> _COLLECTED MATERIAL_:
--- START ---

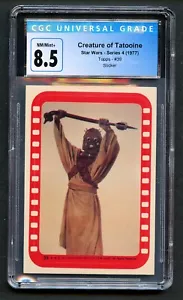 Creature of Tatooine #39 Star Wars Series 4 Sticker 1977 Topps Card CGC 8.5 - Picture 1 of 2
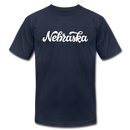 Nebraska T-Shirt - Hand Lettered Unisex Nebraska T Shirt - navy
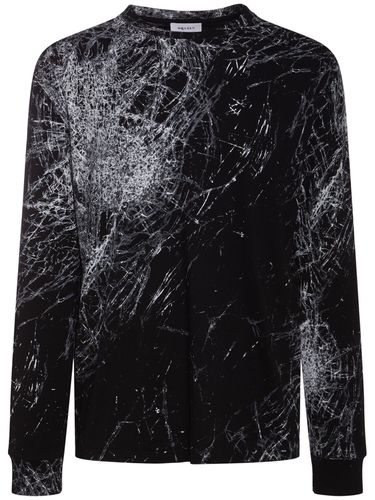 Smashed Glass Printed Cotton T-shirt - ALEXANDER MCQUEEN - Modalova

--- END ---

> _TASK BRIEF_:
Would you print all of the material exactly as written, minus the pictures?

> _RESPONSE_:
 Creature of Tatooine #39 Star Wars Series 4 Sticker 1977 Topps Card CGC 8.5 - Picture 1 of 2
 Nebraska T-Shirt - Hand Lettered Unisex Nebraska T Shirt - navy
 Smashed Glass Printed Cotton T-shirt - ALEXANDER MCQUEEN - Modalova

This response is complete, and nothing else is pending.